AIM OF THE TASK.
Please give back, exactly as written, the lines from the line with "WARNER BROS TeknoFilm" to the line with "Foto - Dev bir mağarada yaşıyorlar!" in the listing below, leaving out all pictures.

SOURCE MATERIAL.
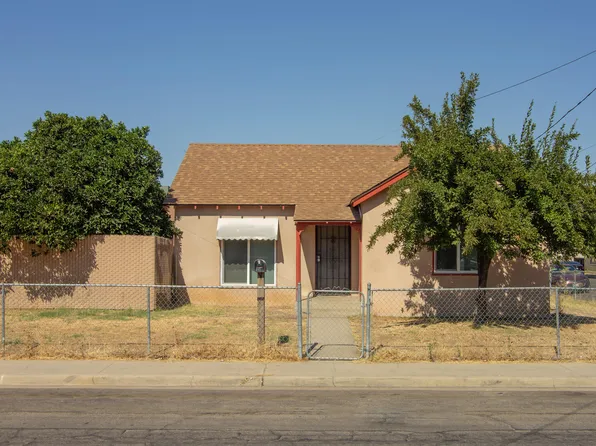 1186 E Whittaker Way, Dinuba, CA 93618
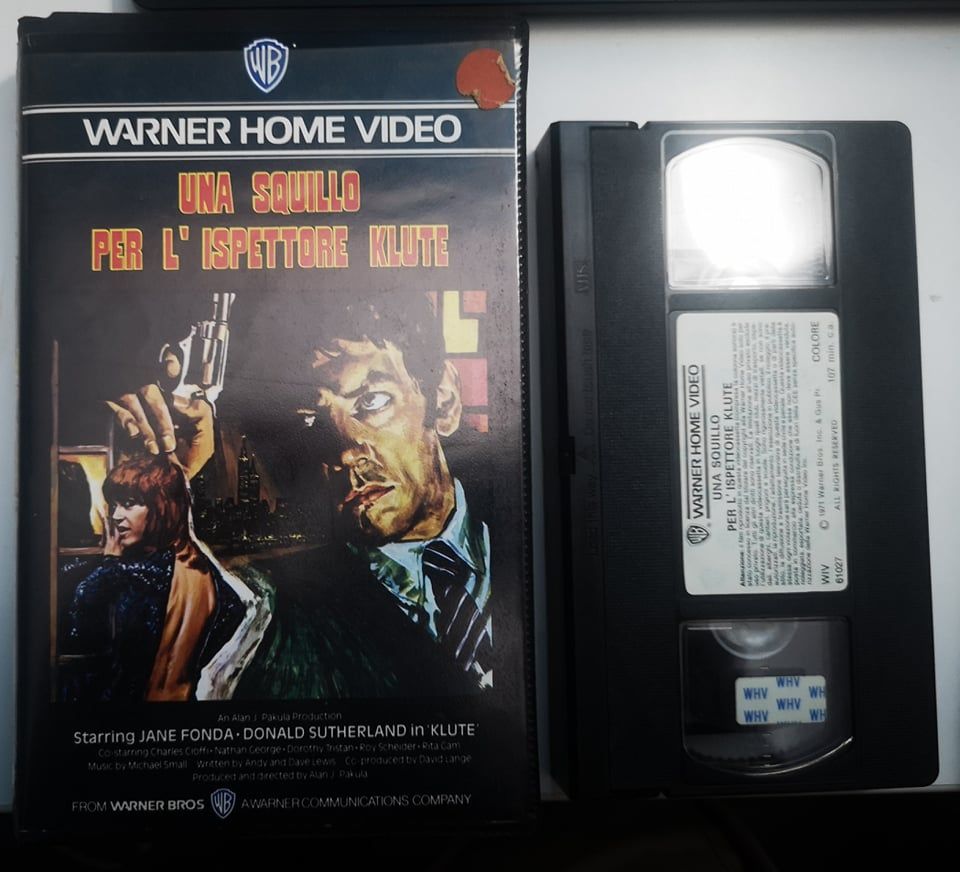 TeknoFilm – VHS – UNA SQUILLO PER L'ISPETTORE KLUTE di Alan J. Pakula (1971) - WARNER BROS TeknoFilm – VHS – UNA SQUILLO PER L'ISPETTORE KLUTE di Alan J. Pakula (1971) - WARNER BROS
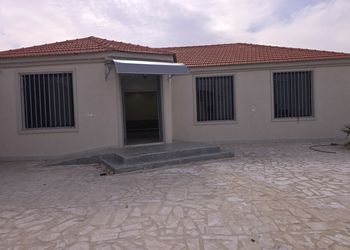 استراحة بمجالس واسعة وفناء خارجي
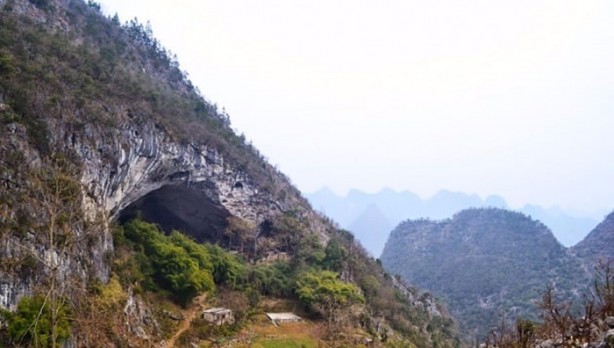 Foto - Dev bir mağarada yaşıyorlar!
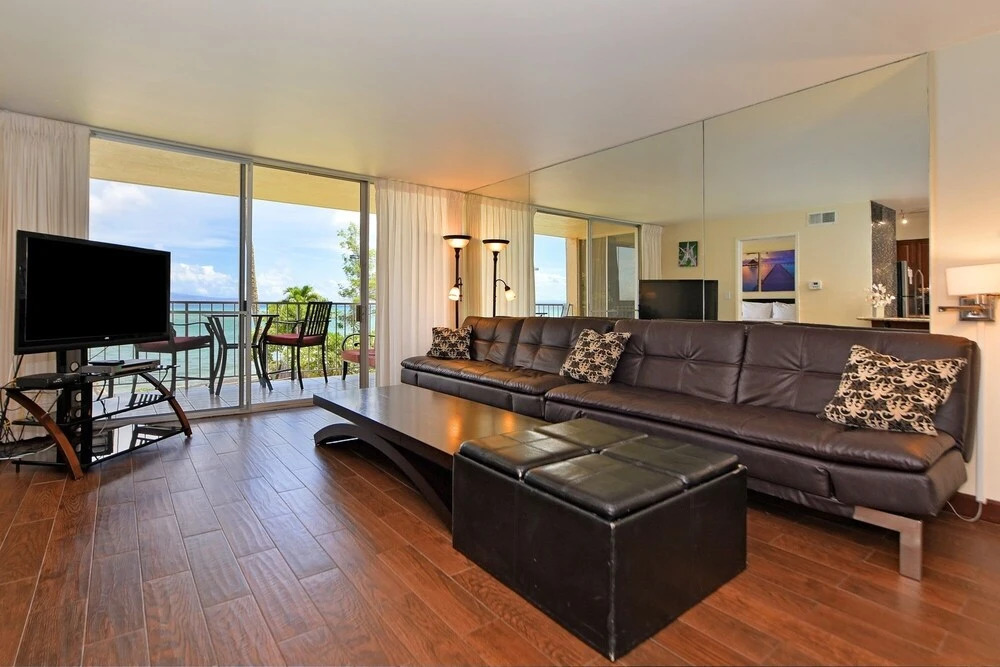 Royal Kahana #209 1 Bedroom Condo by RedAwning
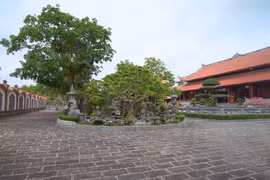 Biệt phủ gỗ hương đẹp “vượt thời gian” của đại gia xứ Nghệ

---

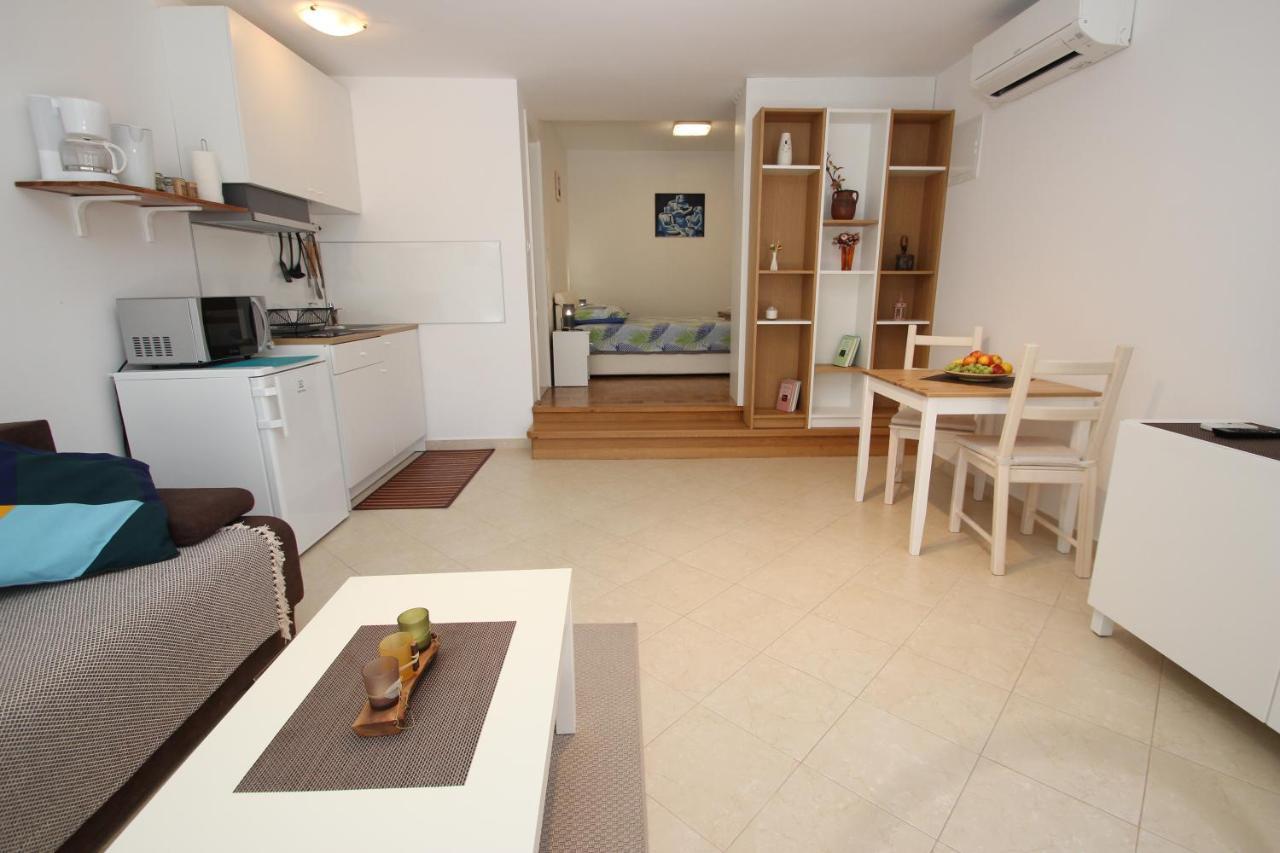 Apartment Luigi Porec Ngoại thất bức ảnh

* * *

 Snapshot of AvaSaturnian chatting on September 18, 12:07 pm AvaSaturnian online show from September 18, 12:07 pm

EXERCISE OUTPUT.
 TeknoFilm – VHS – UNA SQUILLO PER L'ISPETTORE KLUTE di Alan J. Pakula (1971) - WARNER BROS TeknoFilm – VHS – UNA SQUILLO PER L'ISPETTORE KLUTE di Alan J. Pakula (1971) - WARNER BROS
 استراحة بمجالس واسعة وفناء خارجي
 Foto - Dev bir mağarada yaşıyorlar!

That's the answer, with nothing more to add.